Your instructions: The listing below should be printed exactly, every line of it. Skip the pictures.

Material provided:
• • • • • • •

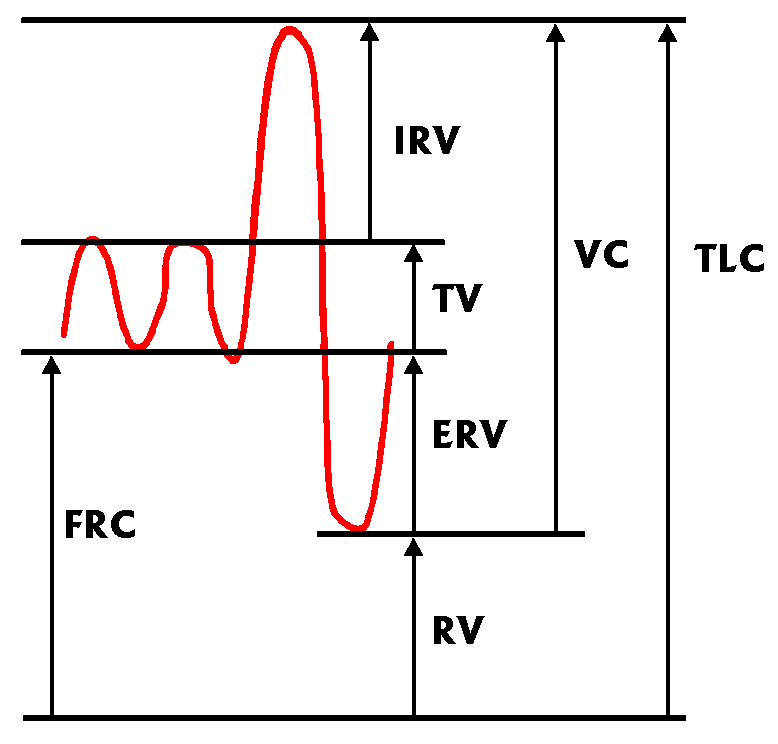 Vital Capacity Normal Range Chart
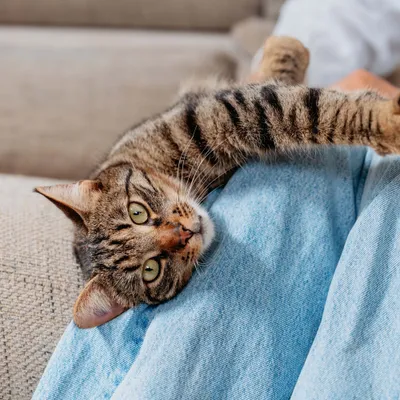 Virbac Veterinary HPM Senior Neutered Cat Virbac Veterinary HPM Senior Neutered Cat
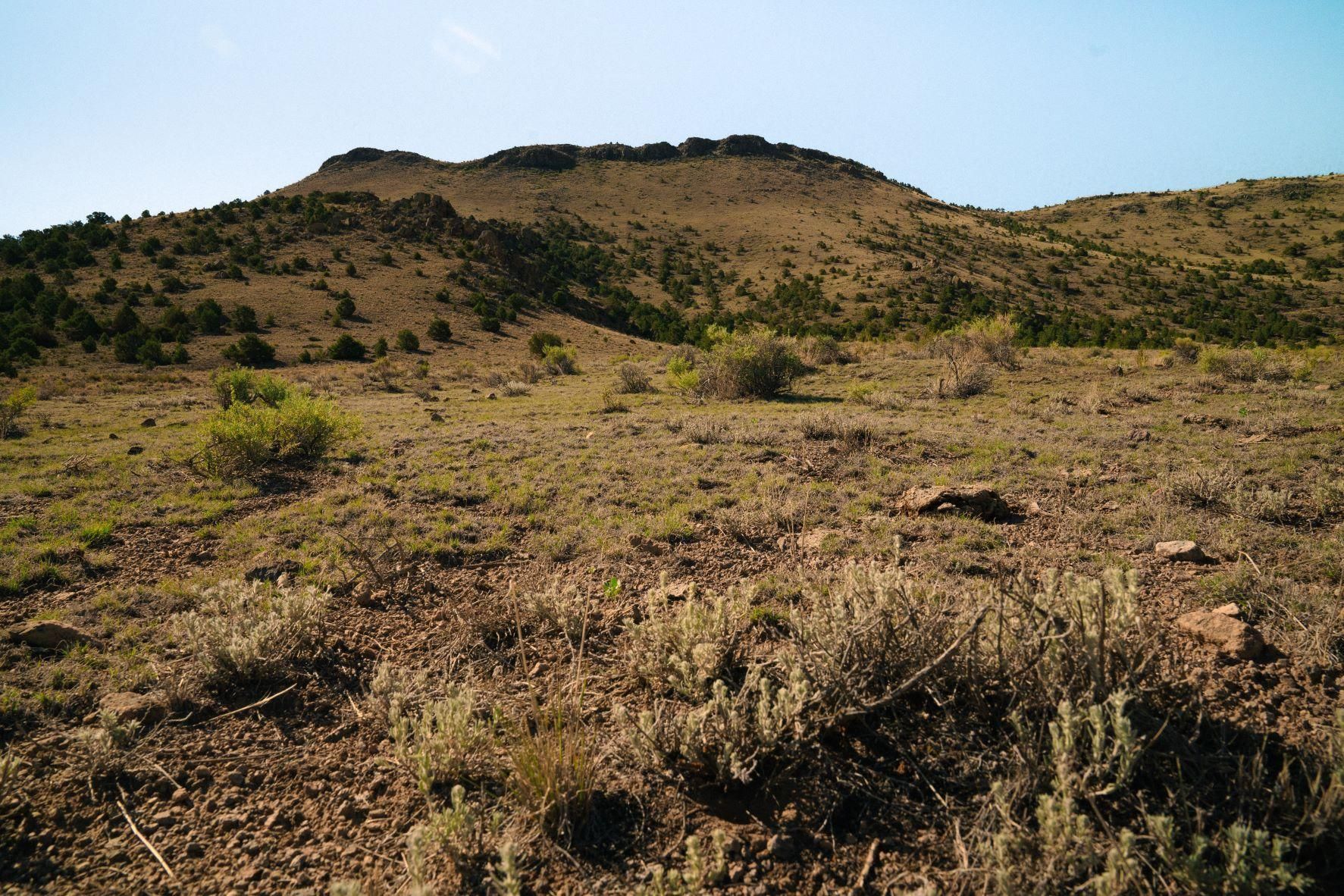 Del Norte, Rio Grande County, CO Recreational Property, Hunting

• • • • • • •

Response:
 Vital Capacity Normal Range Chart
 Virbac Veterinary HPM Senior Neutered Cat Virbac Veterinary HPM Senior Neutered Cat
 Del Norte, Rio Grande County, CO Recreational Property, Hunting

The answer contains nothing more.